Toute plume qui a déjà assisté à une séance du Parlement européen et observé les interprètes transmettre aussi fidèlement que possible, dans toutes les langues officielles et en temps réel, les interventions orales des députés, se posera avec nous la question : comment écrit-on à l’échelle européenne ? Tel était le thème de ce quatrième café confiné, à la veille du 9 mai, 70 ème anniversaire de la Déclaration Schuman et fête de l’Europe.
« Unis dans la diversité », telle est la devise, ambitieuse, de l’UE. Les plumes européennes la prennent au mot : à quelles conditions un commissaire ou un député européen peut-il espérer être entendu d’un auditoire composé de 27 pays désormais, dont la culture politique, les références historiques et littéraires, les préoccupations au niveau national, sont aussi différentes ?
Geoffrey Mamdani, plume de Margrethe Vestager, commissaire européenne à la concurrence, et vice-présidente de la Commission, et Stephan Burklin, associé chez Brunswick à Munich, nous ont apporté leurs analyses éclairantes sur la façon de répondre à ce défi.
Premier constat tiré de la crise du coronavirus, la communication européenne est possible à condition de faire le lien avec la vie des gens:la liberté d’aller et venir ou le numérique par exemple en ce moment. La technicité du discours ne rebute pas nécessairement des populations avides d’informations et disposant de plus de temps pour écouter des réponses techniques : la réception des discours d’Angela Merkel par les Allemands en témoigne.
Deuxième constat, la façon dont l’orateur bâtit sa crédibilité à travers son discours est fortement ancrée dans la culture. Les différences entre l’Europe et les Etats-Unis sont révélatrices, comme l’a finement observé Stephan Burklin : quand Bill Gates, tout milliardaire qu’il est, débutera son discours par une référence à la série Game of Thrones, car en toile de fond demeure l’idée qu’«all men are created equal », l’orateur en Allemagne optera pour un écrivain faisant autorité, tel le prix Nobel de Littérature Hermann Hesse.
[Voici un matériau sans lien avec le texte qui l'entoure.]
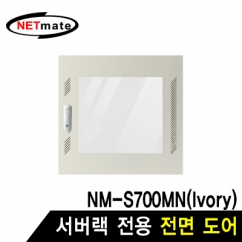 강원전자 넷메이트 전면도어 (아이보리/NM-S750MN 전용) NM-S750FDIV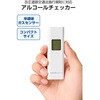 HCS-ACS02PROWH アルコールチェッカー アルコール検知器 業務用 法令対応 アプリ記録 小型 非接触型 吹きかけ式 エレコムヘルスケア 81343355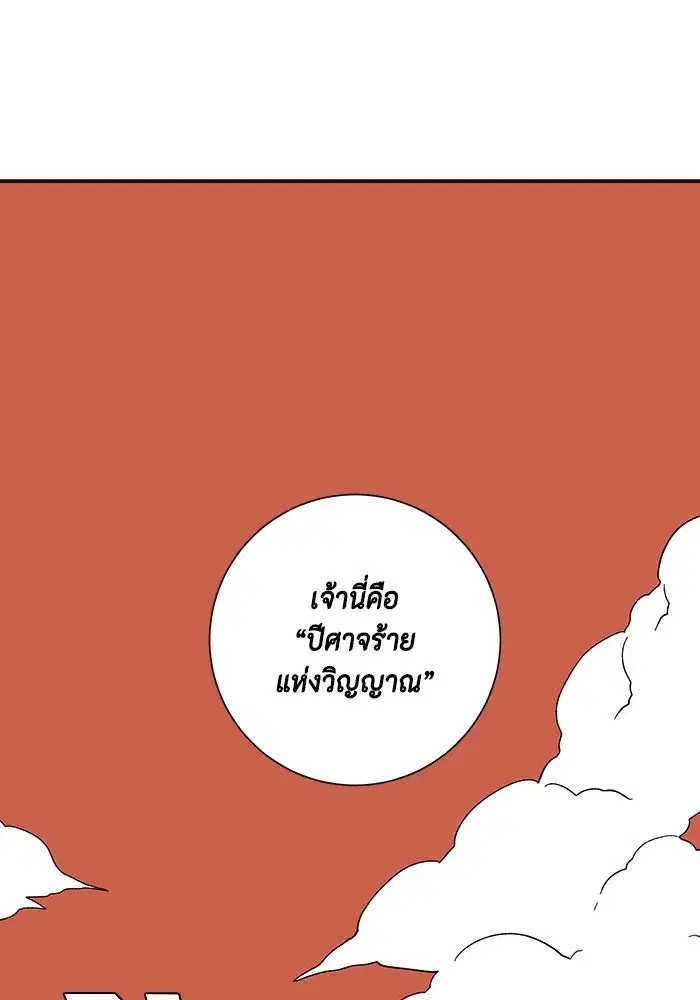 หน้า 98 จาก 122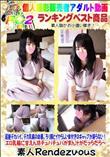 超絶デカパイ、デカ乳輪の幼妻。ろり顔とイヤらしい体付きのギャップが堪らない!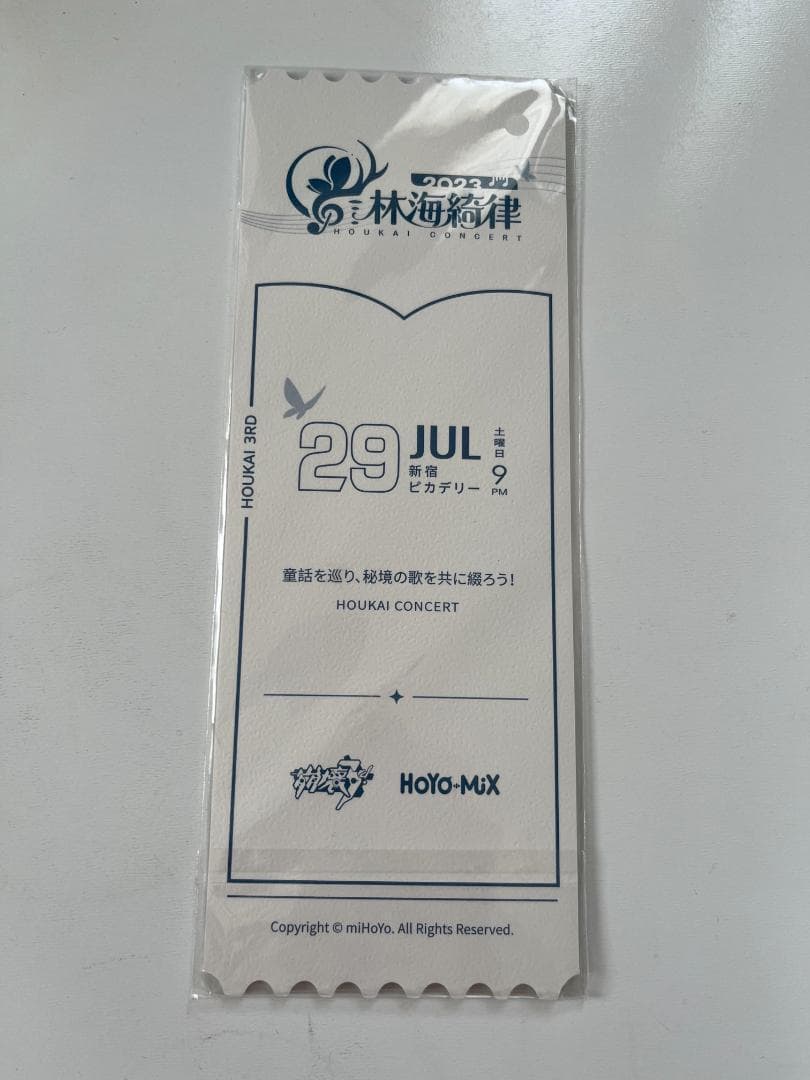 【美品】日本限定グッズ：崩壊3rd 2023年コンサート 林海綺律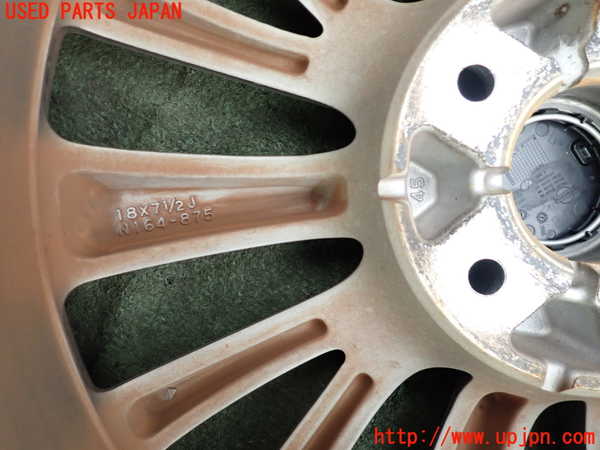 2UPJ-9236459044]スカイライン ハイブリッド(HV37)タイヤ　ホイール　1本④ 225/50RF1 中古_4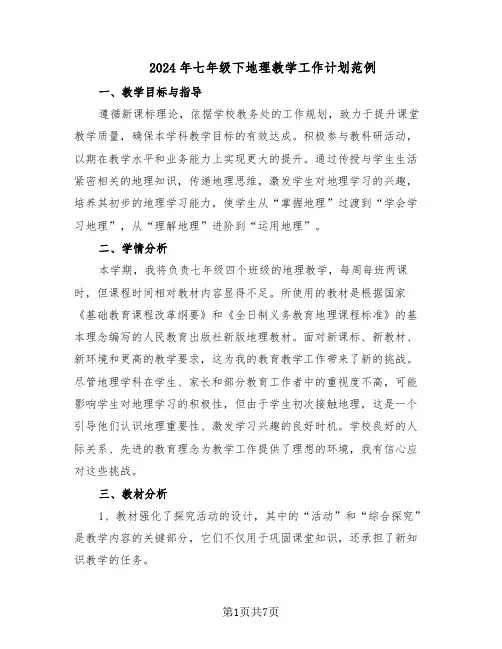 2024年七年级下地理教学工作计划范例(三篇)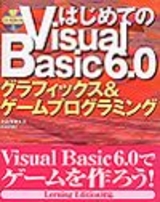 ［表紙］はじめてのVisual Basic 6.0 グラフックス＆ゲームプログラミング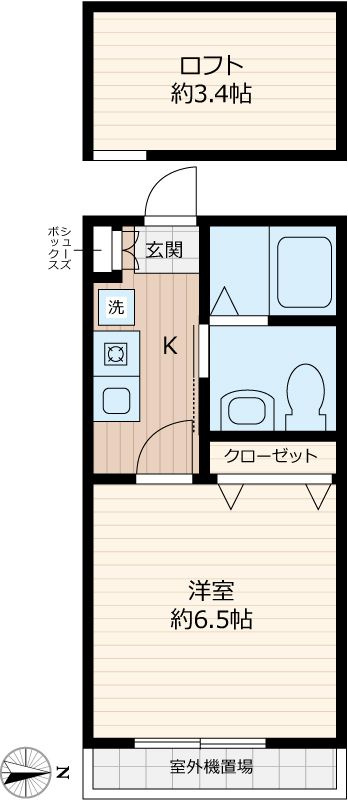 サンフレール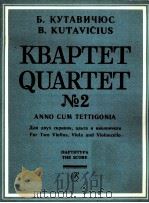 古干塔维秋斯 四重奏 俄文 1985 PDF电子版封面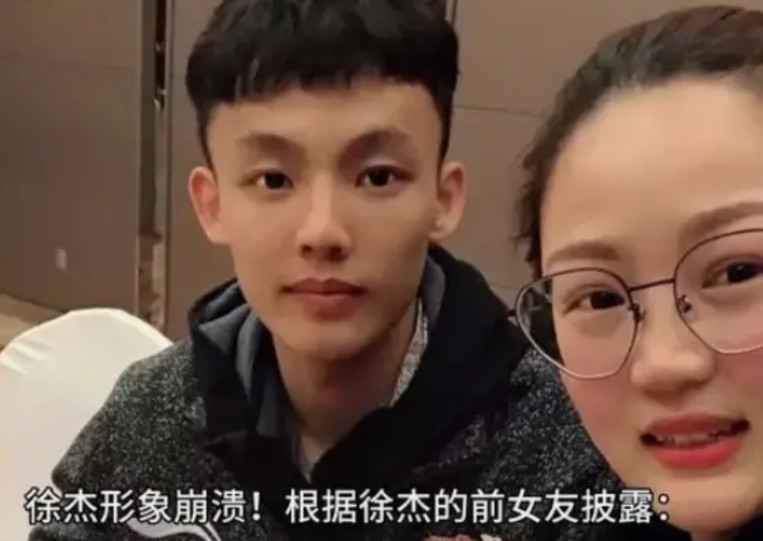 广东队在杜锋的带领下，缺乏思想品德教育，不少球员都有这样和那样的问题，甚至外援吸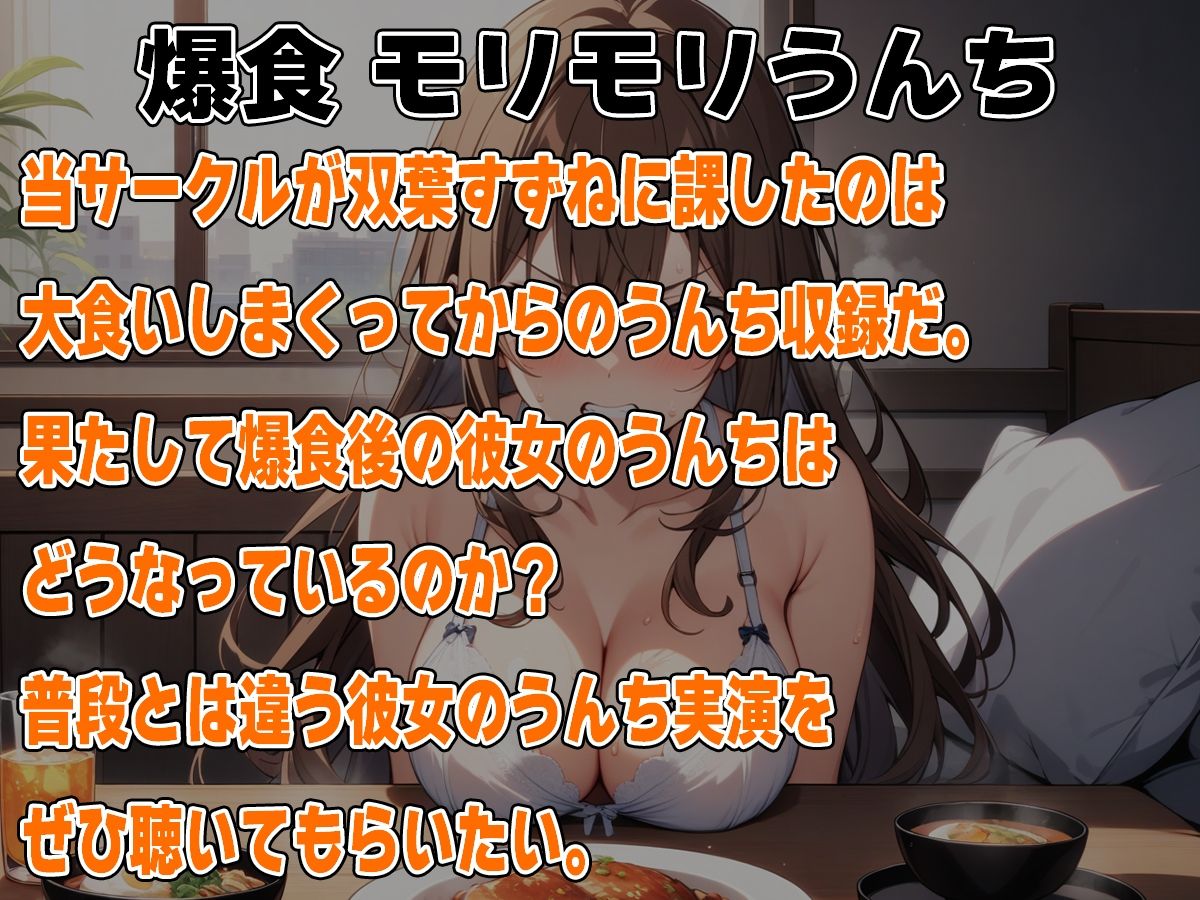 サンプル画像1:大食い後の大量うんち〜モリモリ食べてモリモリ出してちゃいます！〜【双葉すずね】(天使ラボ) [d_500515]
La façon d’écrire le discours est intiment liée à la culture du pays, et la grammaire même de la langue n’est pas neutre. Il devient plus nécessaire de s’écouter quand les verbes sont placés à la fin des phrases, comme en allemand, tandis que la passion du débat peut se donner libre cours dès les premiers mots de l’orateur en français !
L’Union européenne en est-elle alors réduite à s’adresser à chacun séparément, ou à se réfugier dans des détails techniques, faute de vision commune ? Tel semble bien l’enjeu en l’absence d’un « espace public européen »: aller au-delà du discours technocratique et prendre de la hauteur pour transmettre une vision qui parle à tous, en se projetant vers des enjeux simples et fondamentaux de la vie quotidienne.